## WORK INSTRUCTION
Reproduce the listing exactly and skip over any pictures.

*** PROVIDED RECORDS ***

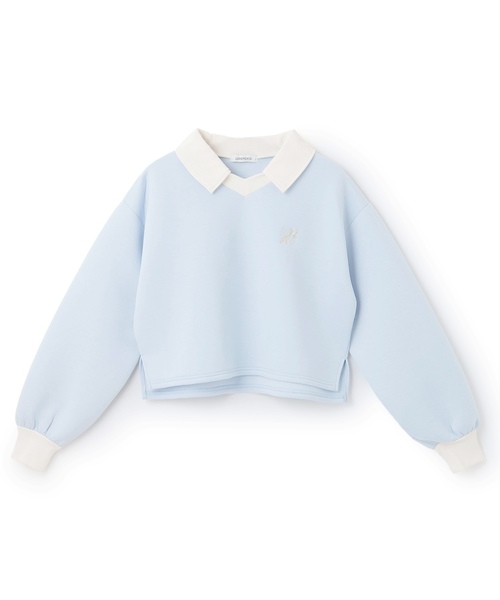 LOVETOXIC(ラブトキシック)の「【ふわカル/セット可】ダンボールプルオーバー(スウェット・キッズ・サックスブルー/アイボリー/ブラック/グレー・M:150cm/S:140cm/L:160cm/130cm)」の16枚目の写真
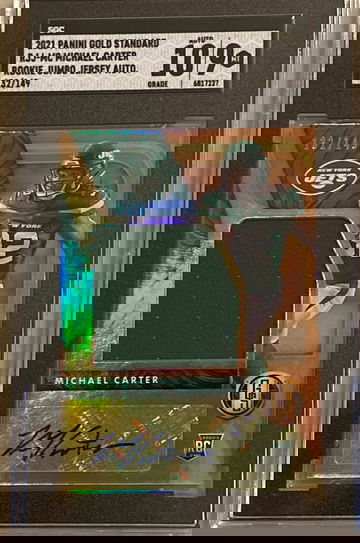 Michael Carter 2021 Gold Standard Patch Auto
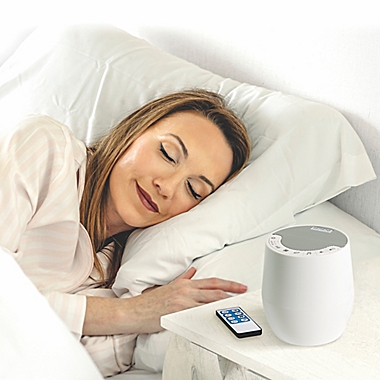 Serene Evolution&trade; 60-Sound White Noise Machine With Remote in White. View a larger version of this product image.
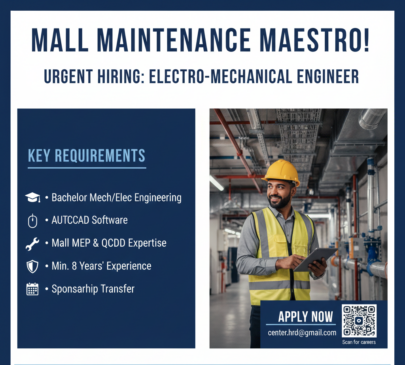 Urgent Electro-Mechanical Engineer Role in Qatar 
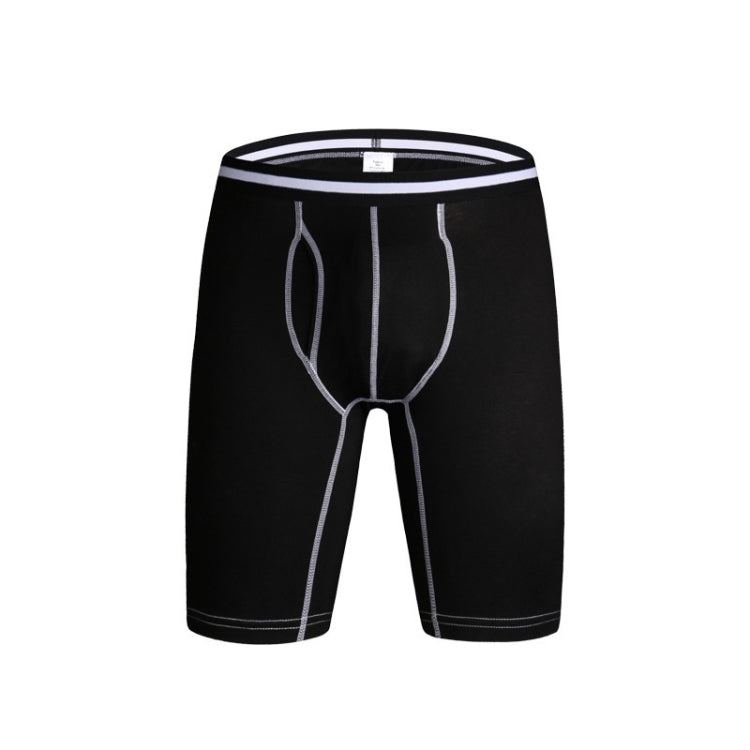 ผู้ชายผ้าฝ้ายกีฬาฟิตเนสกางเกงในสี่มุม, M, L, XL, XXL, XXXL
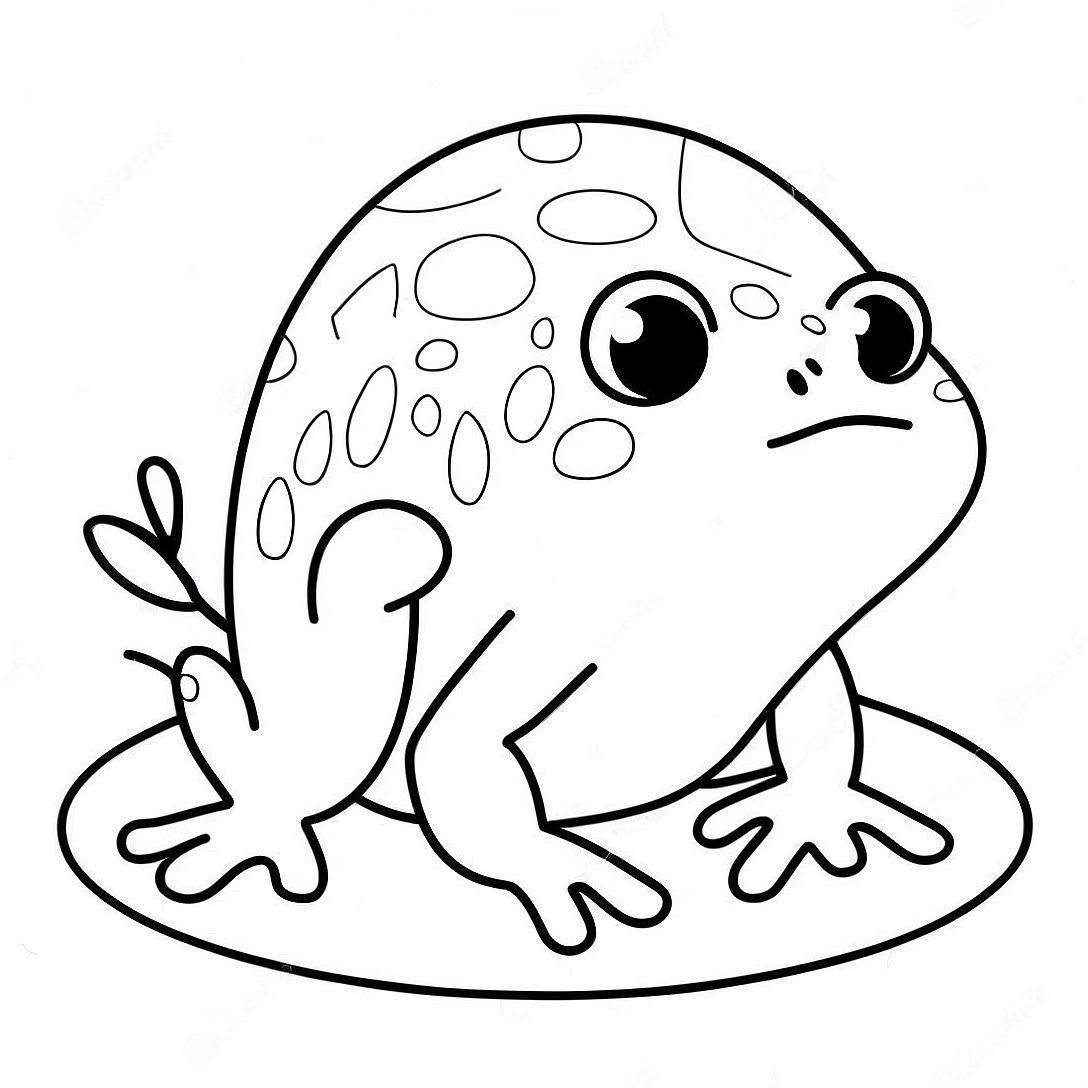 Frog Squishmallow Coloring Page | Frog Squishmallow coloring page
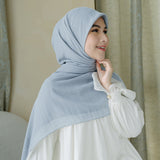 Mima Square Syari (Hijab Segiempat Syari) Soft Blue Grey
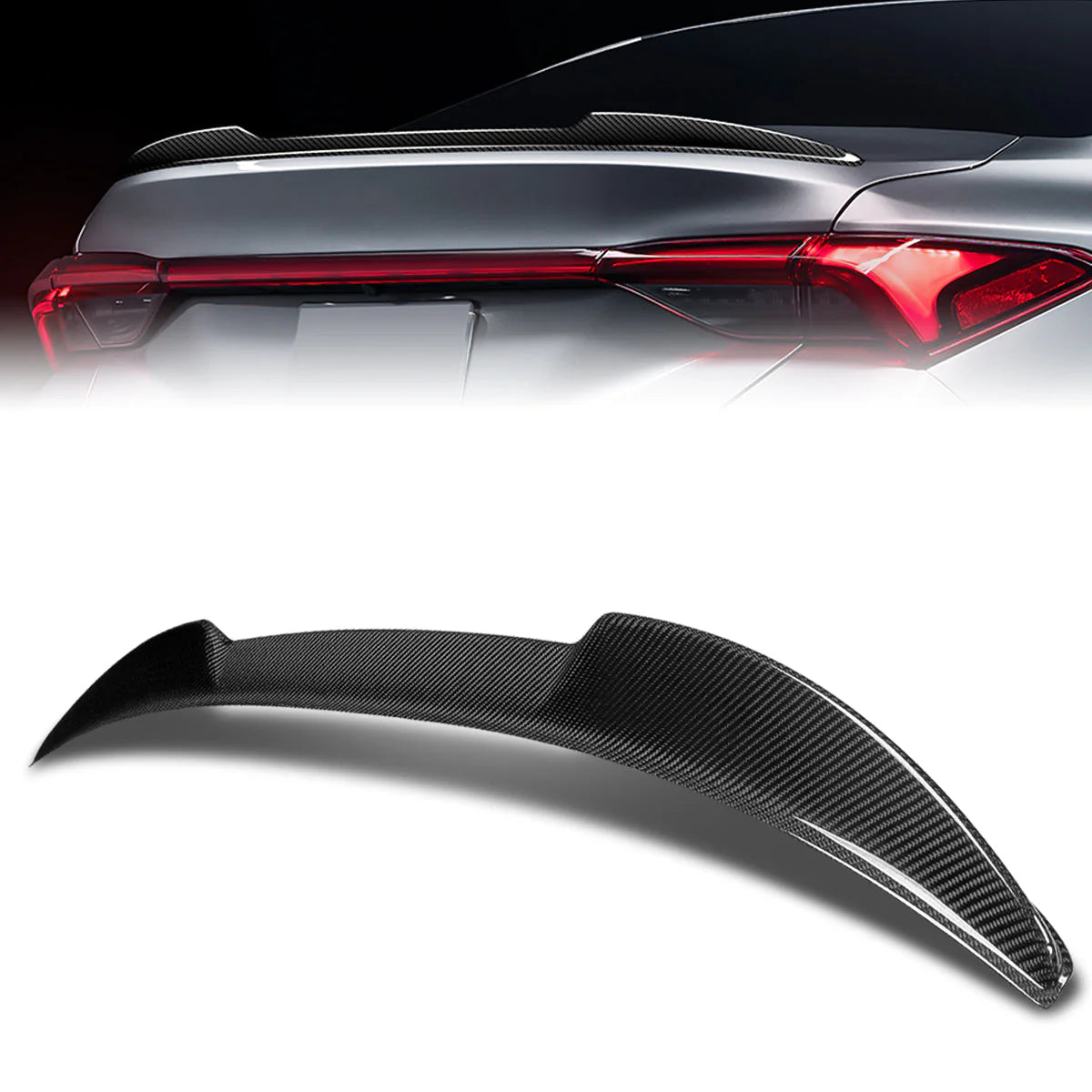 V-Style Carbon Fiber Rear Trunk Lid Spoiler 19-22 Toyota Avalon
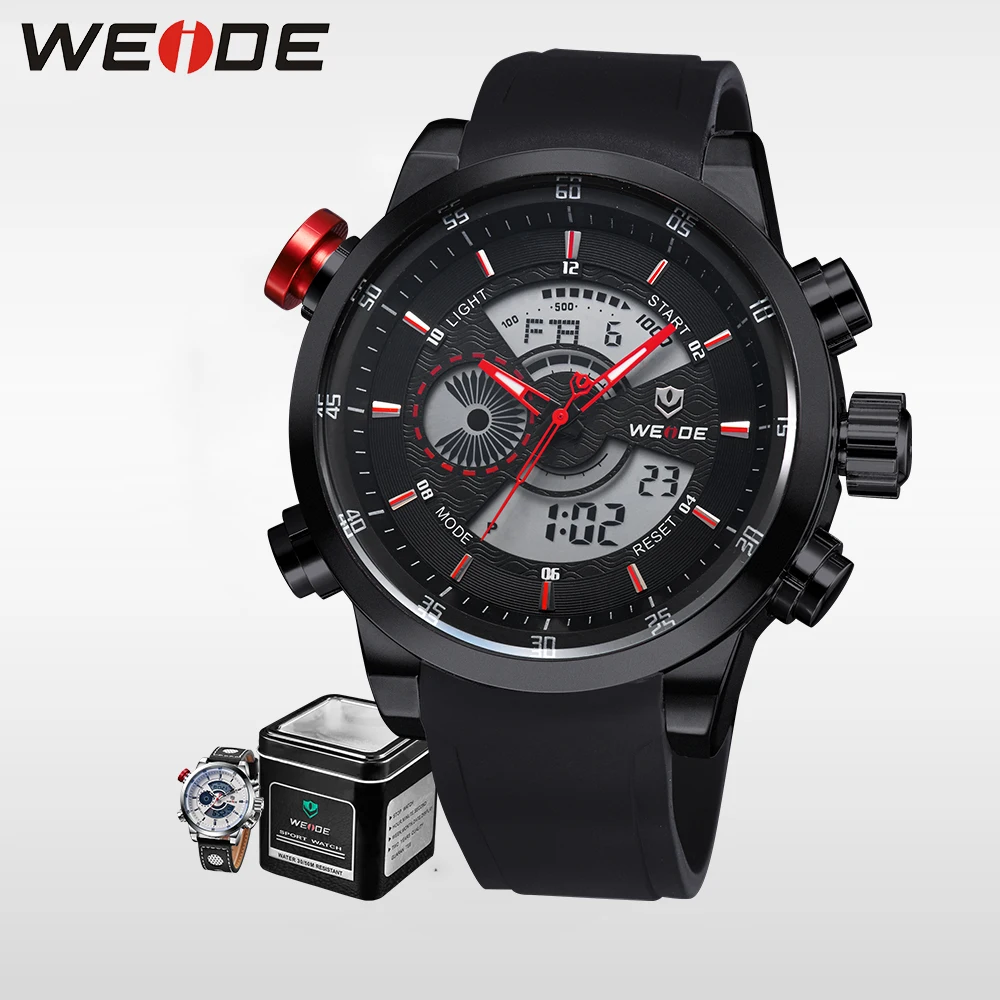 

WEIDE Top Brand Luxury Men Running Digital LCD Digit Water Resistant Sports Watches Military Relogio Masculino Clock / WH3401
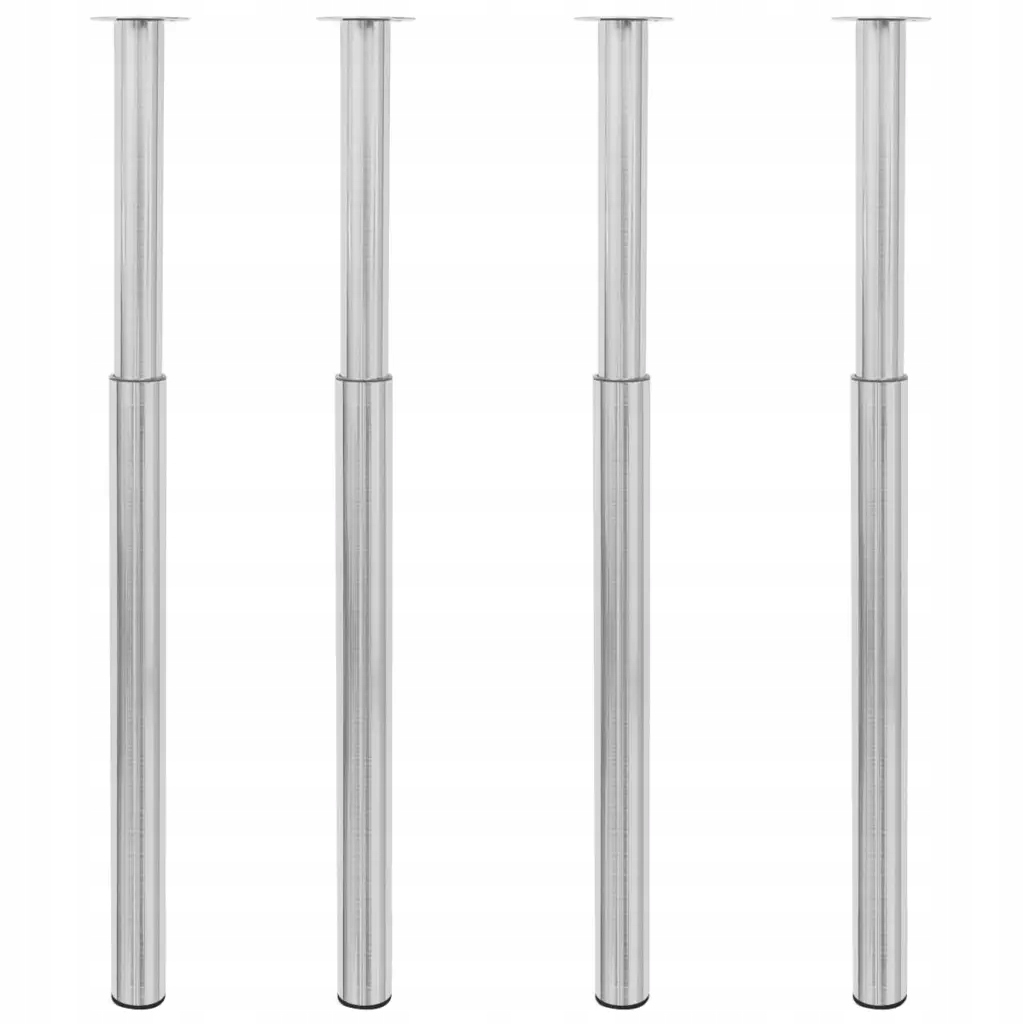 Sada 4 teleskopických stolových nohou, železo, 60 x (710-1100) mm, kartáčů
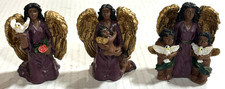 Young's Collectables - BLACK ANGEL Miniature Figurines, New (Set of 3) picture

*** End of PROVIDED RECORDS ***

## SOLUTION FOR THIS PROBLEM
 LOVETOXIC(ラブトキシック)の「【ふわカル/セット可】ダンボールプルオーバー(スウェット・キッズ・サックスブルー/アイボリー/ブラック/グレー・M:150cm/S:140cm/L:160cm/130cm)」の16枚目の写真
 Michael Carter 2021 Gold Standard Patch Auto
 Serene Evolution&trade; 60-Sound White Noise Machine With Remote in White. View a larger version of this product image.
 Urgent Electro-Mechanical Engineer Role in Qatar 
 ผู้ชายผ้าฝ้ายกีฬาฟิตเนสกางเกงในสี่มุม, M, L, XL, XXL, XXXL
 Frog Squishmallow Coloring Page | Frog Squishmallow coloring page
 Mima Square Syari (Hijab Segiempat Syari) Soft Blue Grey
 V-Style Carbon Fiber Rear Trunk Lid Spoiler 19-22 Toyota Avalon

WEIDE Top Brand Luxury Men Running Digital LCD Digit Water Resistant Sports Watches Military Relogio Masculino Clock / WH3401
 Sada 4 teleskopických stolových nohou, železo, 60 x (710-1100) mm, kartáčů
 Young's Collectables - BLACK ANGEL Miniature Figurines, New (Set of 3) picture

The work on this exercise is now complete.